The approximately ellipsoidal carrier generation volume can be moved inside the sample in all three dimensions, adjusting the focus and displacing the sample. Looking at the detector response, we can establish a strong correlation between transient current and spatial focal point coordinates, being able to resolve detector internal structures and the depletion volume geometry. After the experimental results described in the publication below ( See Figure below as an example ), for the first time, the dimension and geometry of the space charge region of a depleted CMOS pixel cell was accurately measured. This has been possible by measuring the collection time of the carriers, enabling the location of the boundaries of the DNW implant and the determination of the transition between drift and diffusion volumes. From the geometry of the space charge region we can compute the effective doping concentration of the silicon substrate, one of the main design parameters of the HVCMOS technology under optimization. The enabling technology for this achievement is a novel transient current technique based on Two Photon Absorption (TPA–TCT), allowing a submicron spatial resolution in an edge-TCT configuration. TPA–TCT is the only transient current technique able to spatially resolve implants and to discriminate between drift and diffusion. This is because in TPA, focused light generates photocarriers only in a localized volume around the focus. The cross section of this volume is below 1 μm. However, in SPA-TCT, carriers are generated uniformly along the beam, therefore strong focusing only leads to a wide divergence out of the focus, and thus worse spatial resolution. The results presented by the authors  below prove the suitability of TPA–TCT as a high-resolution three dimensional probing tool for sensor characterization.

ABOVE - Left: HVCMOS sketch. Center: charge collection map in 10 ns. Right: Collection time map. Measurements at 20C, 80 V

This white paper is a summary extracted from the publication titled " High-resolution three-dimensional imaging of a depleted CMOS sensor using an edge Transient Current Technique based on the Two Photon Absorption process (TPA-eTCT) ". The authors of the previous contents and results are: Marcos Fernández García (a), Javier González Sánchez (a), Richard Jaramillo Echeverría (a),  Michael Moll (b), Raúl Montero Santos (c), David Moya (a) , Rogelio Palomo Pinto (d) and Iván Vila (a). (a) Instituto de Física de Cantabria (CSIC-UC), Avda. los Castros s/n, E-39005 Santander, Spain (b) CERN, Organisation europénne pour la recherche nucléaire, CH-1211 Genéve 23, Switzerland (c) SGIker Laser Facility, UPV/EHU, Sarriena, s/n - 48940 Leioa-Bizkaia, Spain (d) Departamento de Ingeniería Electrónica, Escuela Superior de Ingenieros Universidad de Sevilla, Spain   Below the link to the complete paper: http://inspirehep.net/record/1513604/files/10.1016_j.nima.2016.05.070.pdf  

For the first time, the deep n-well (DNW) depletion space of a High Voltage CMOS sensor has been characterized using a Transient Current Technique based on the simultaneous absorption of two photons.
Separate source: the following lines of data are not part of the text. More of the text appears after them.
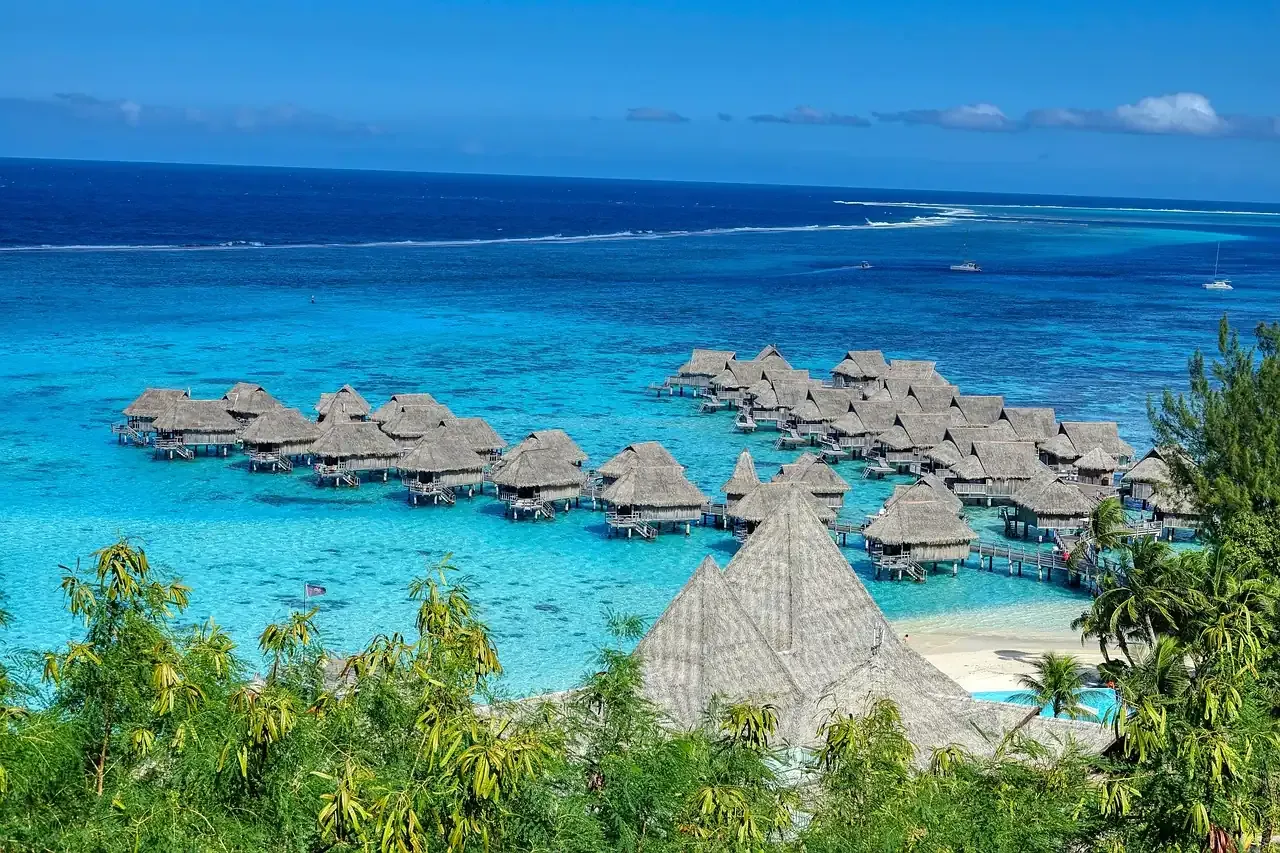 Overwater bungalows on the lagoon of Moorea seen from above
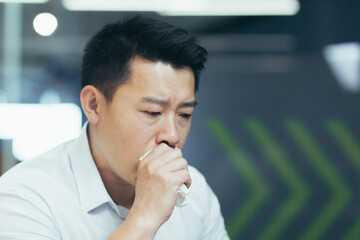 Photo close-up portrait of an Asian man in a shirt, a sick businessman coughs into a tissue.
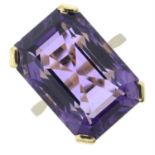 An amethyst single-stone cocktail ring.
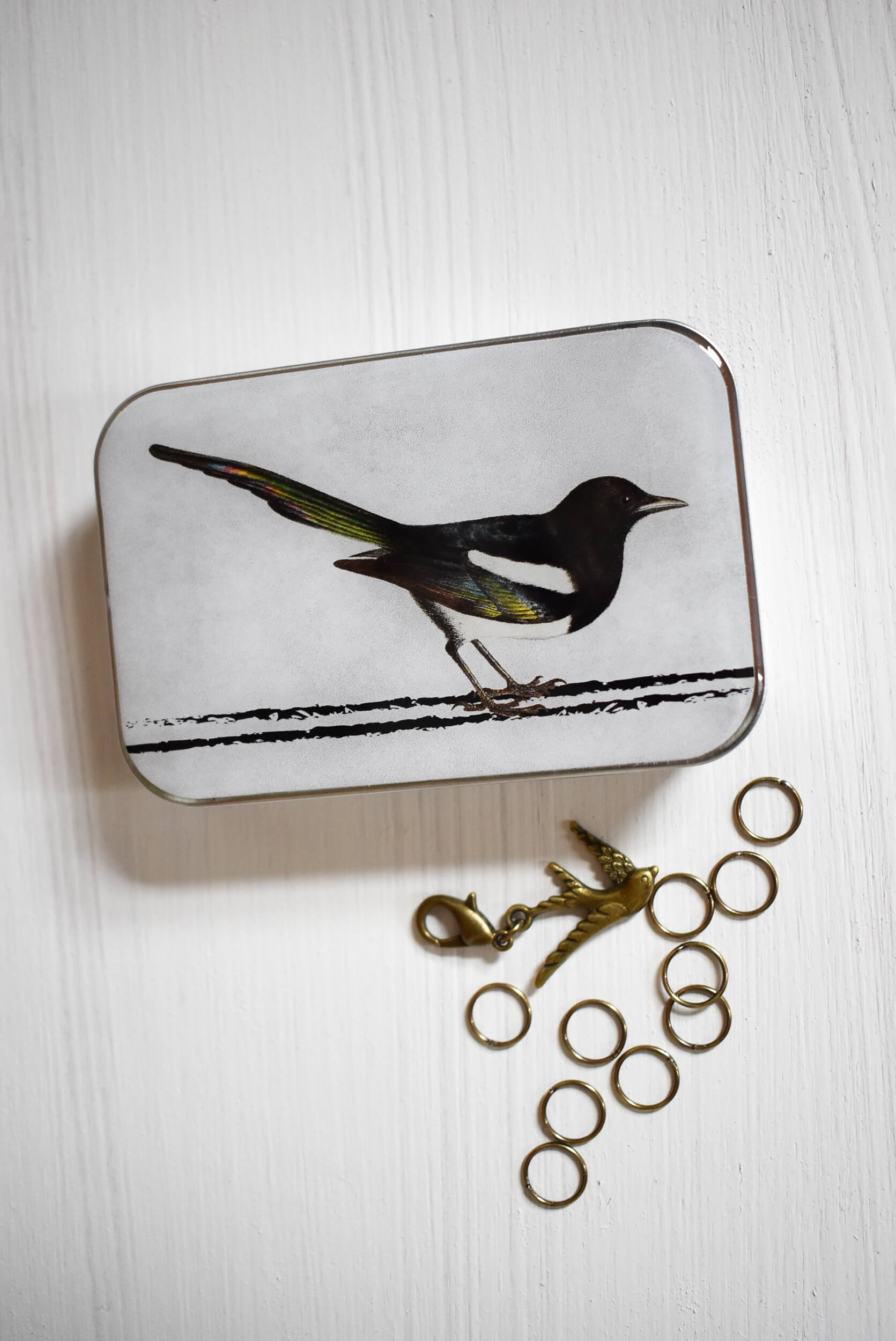 Magpie knitting notions tin with 10 round golden stitch markers and one bird progress keeper.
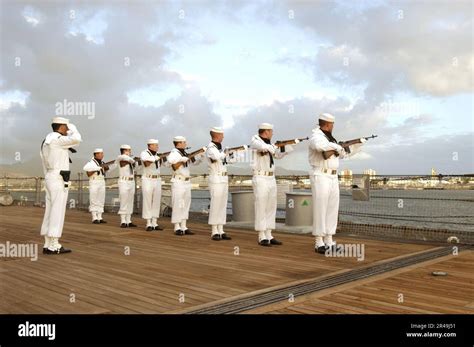 US Navy The Pearl Harbor Color Guard Renders A 21 Gun Salute Honoring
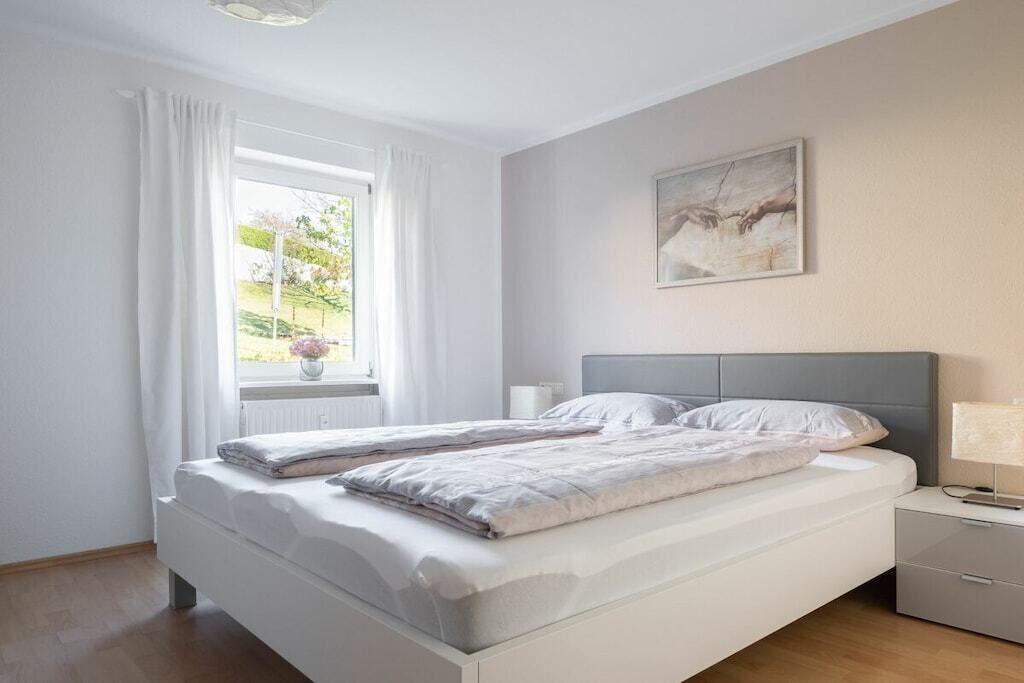 Quarto com cama, mesa de cabeceira, janela com cortinas e um quadro na parede.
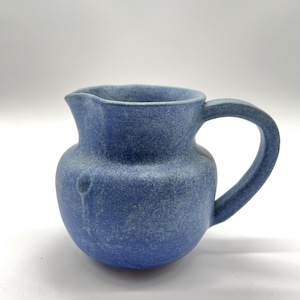 Puede incluir: Una jarra de cerámica azul pequeña con un cuerpo redondeado y un asa curva. La jarra tiene una superficie texturizada y un pico para verter. El color es un azul apagado con motas más claras, lo que le da un aspecto rústico. La jarra es probablemente hecha a mano.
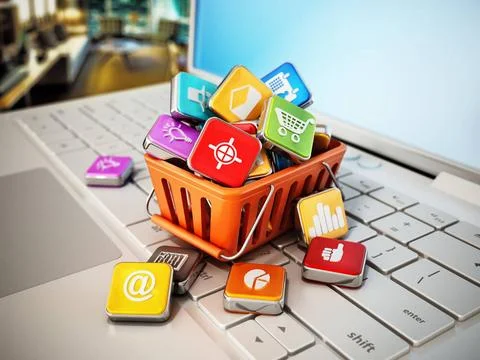 Stack of digital apps inside shopping basket standing on laptop keyboard. ... Foto stock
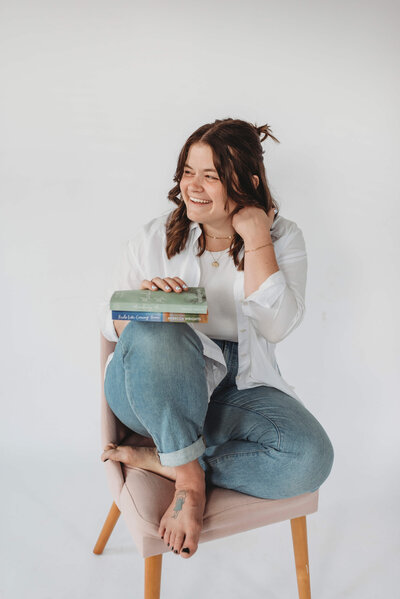 Woman with brown hair kneeling on  stool holding book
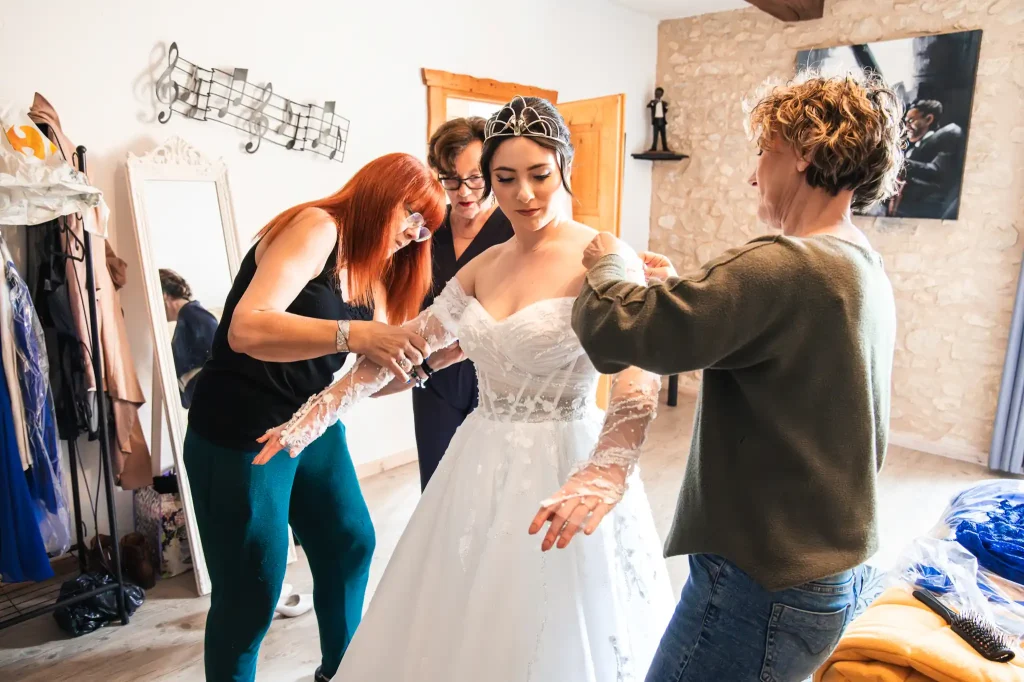 La mère et la belle-mère aide leur fille à s'habiller et à enfiler sa robe de mariée de chez Robe Elysée à Toulouse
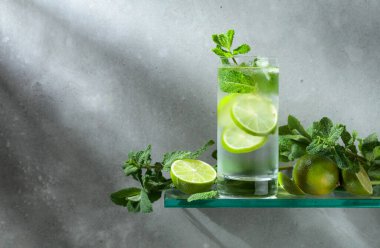 Buzlu, limonlu ve naneli mojito. Gri arka planda sisli bardakta buzlu içecek. Boşluğu kopyala. 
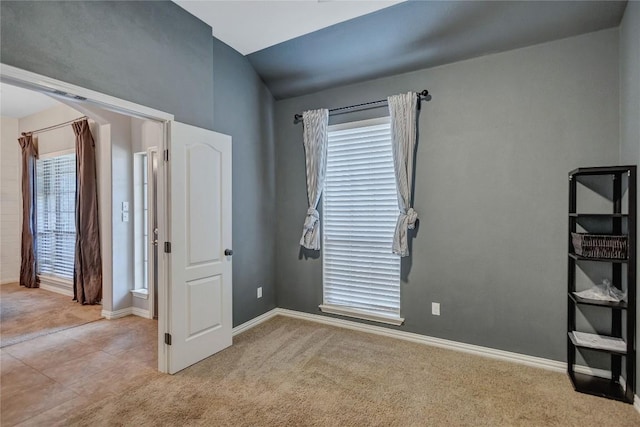 empty room featuring baseboards, arched walkways, lofted ceiling, and light colored carpet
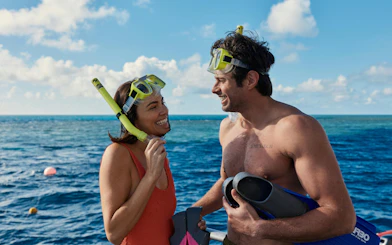 Snorkelers smiling on a boat during Whitehaven Beach tour, Whitsundays Island.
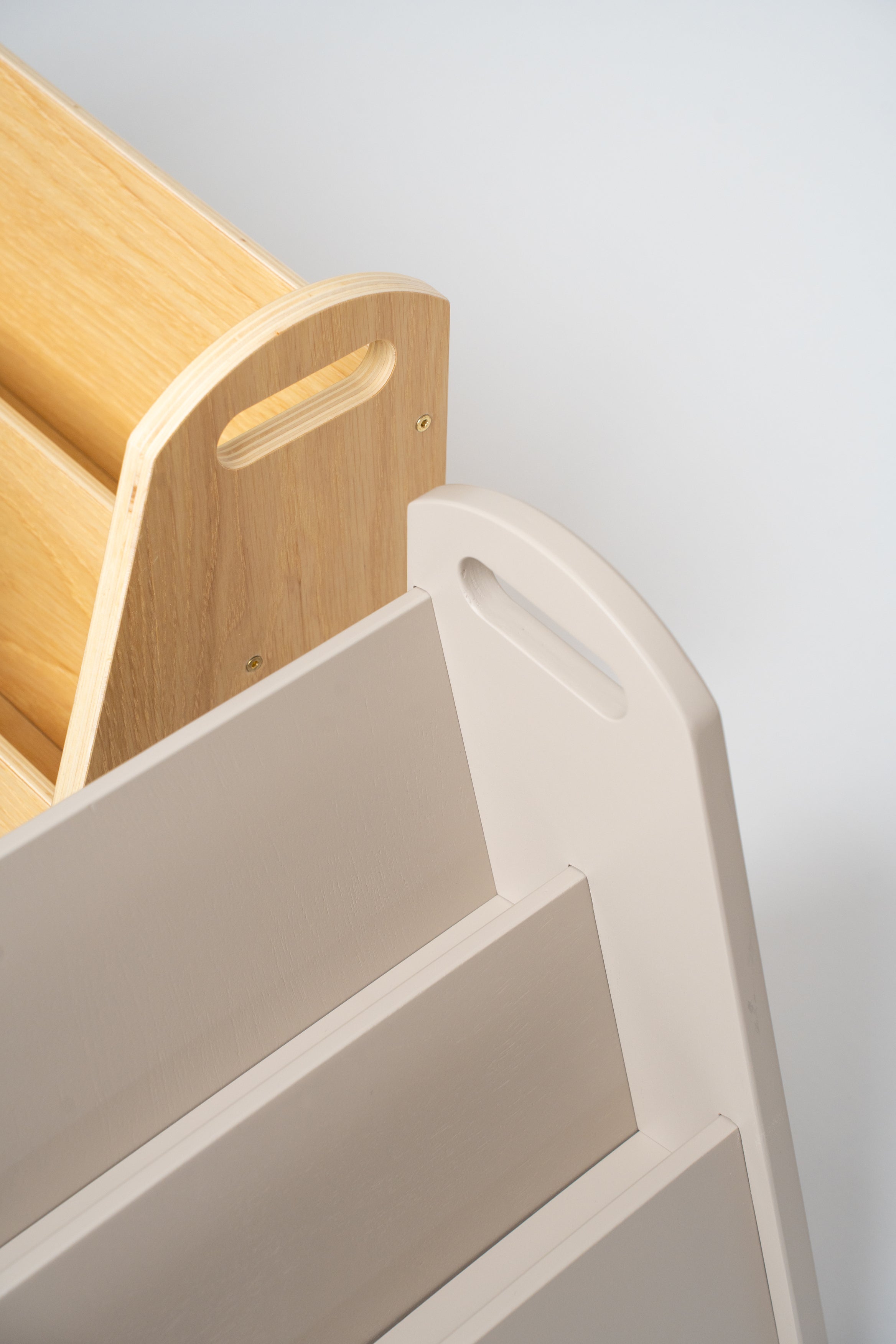 Close-up detail of a modern storage unit or bookshelf, showing a light beige plastic tiered section with a handle cutout next to a natural wood slatted section on a light gray background.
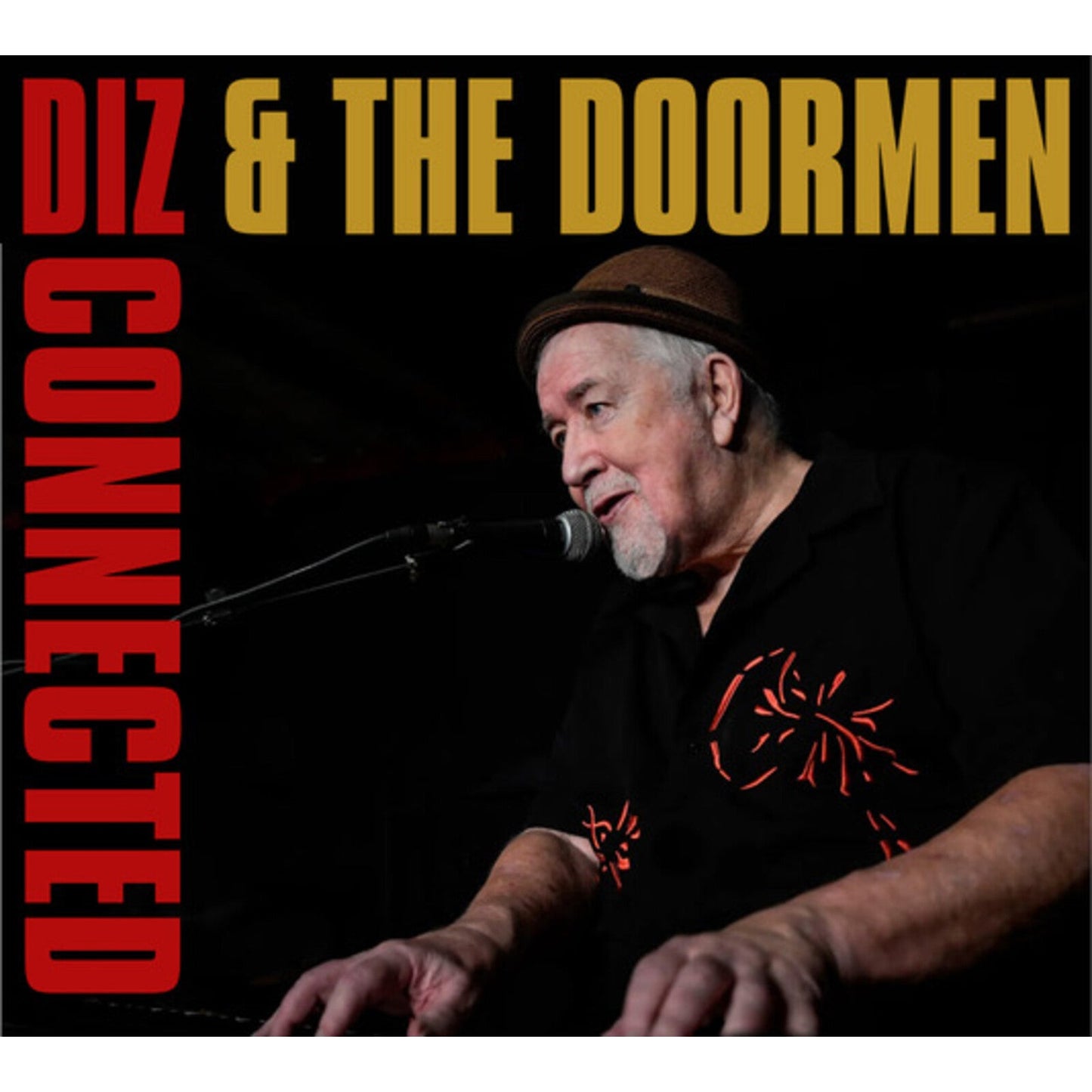 CD cover featuring Diz Watson, a man with a hat, at a microphone.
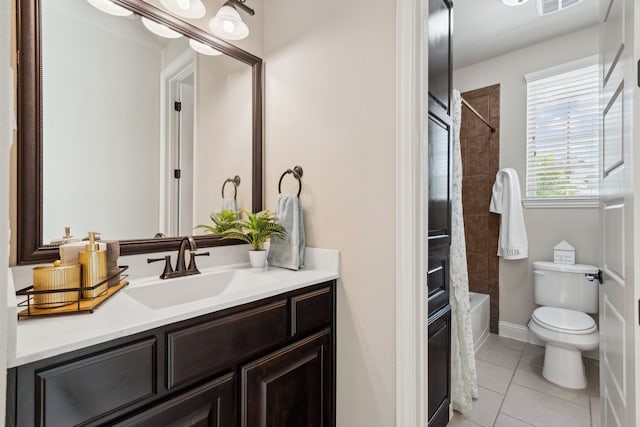 1256 Teton Dr, Burleson, TX 76028 - bathroom featuring vanity, tile patterned flooring, and shower / tub combination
This novel approach has allowed to resolve the DNW implant boundaries and therefore to accurately determine the real depleted volume and the effective doping concentration of the substrate. The unprecedented spatial resolution of this new method comes from the fact that measurable free carrier generation in two photon mode only occurs in a micrometric scale voxel around the focus of the beam. Real three-dimensional spatial resolution is achieved by scanning the beam focus within the sample.